**WORK TASK**
Exactly the lines from the start of the data below through the line containing "Funnel Neck Strukturshirt Black" must be returned, and no others.

**RECORDS SHOWN**
Start of Block
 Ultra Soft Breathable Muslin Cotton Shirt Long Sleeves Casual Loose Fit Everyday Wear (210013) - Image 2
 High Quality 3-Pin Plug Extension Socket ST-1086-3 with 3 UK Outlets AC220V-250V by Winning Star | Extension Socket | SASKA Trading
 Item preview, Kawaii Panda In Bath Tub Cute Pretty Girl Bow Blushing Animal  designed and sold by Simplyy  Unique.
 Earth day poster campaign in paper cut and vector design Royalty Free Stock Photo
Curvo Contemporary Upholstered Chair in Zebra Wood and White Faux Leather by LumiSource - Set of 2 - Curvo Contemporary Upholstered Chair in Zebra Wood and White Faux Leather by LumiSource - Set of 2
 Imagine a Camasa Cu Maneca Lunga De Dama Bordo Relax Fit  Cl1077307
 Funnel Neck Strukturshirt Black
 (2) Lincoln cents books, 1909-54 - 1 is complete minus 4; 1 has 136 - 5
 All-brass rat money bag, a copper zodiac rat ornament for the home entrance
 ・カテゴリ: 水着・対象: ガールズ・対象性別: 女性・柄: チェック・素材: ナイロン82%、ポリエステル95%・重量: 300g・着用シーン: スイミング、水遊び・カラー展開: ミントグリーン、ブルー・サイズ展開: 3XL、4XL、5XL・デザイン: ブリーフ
End of Block
**ANSWER BOX**
 Ultra Soft Breathable Muslin Cotton Shirt Long Sleeves Casual Loose Fit Everyday Wear (210013) - Image 2
 High Quality 3-Pin Plug Extension Socket ST-1086-3 with 3 UK Outlets AC220V-250V by Winning Star | Extension Socket | SASKA Trading
 Item preview, Kawaii Panda In Bath Tub Cute Pretty Girl Bow Blushing Animal  designed and sold by Simplyy  Unique.
 Earth day poster campaign in paper cut and vector design Royalty Free Stock Photo
Curvo Contemporary Upholstered Chair in Zebra Wood and White Faux Leather by LumiSource - Set of 2 - Curvo Contemporary Upholstered Chair in Zebra Wood and White Faux Leather by LumiSource - Set of 2
 Imagine a Camasa Cu Maneca Lunga De Dama Bordo Relax Fit  Cl1077307
 Funnel Neck Strukturshirt Black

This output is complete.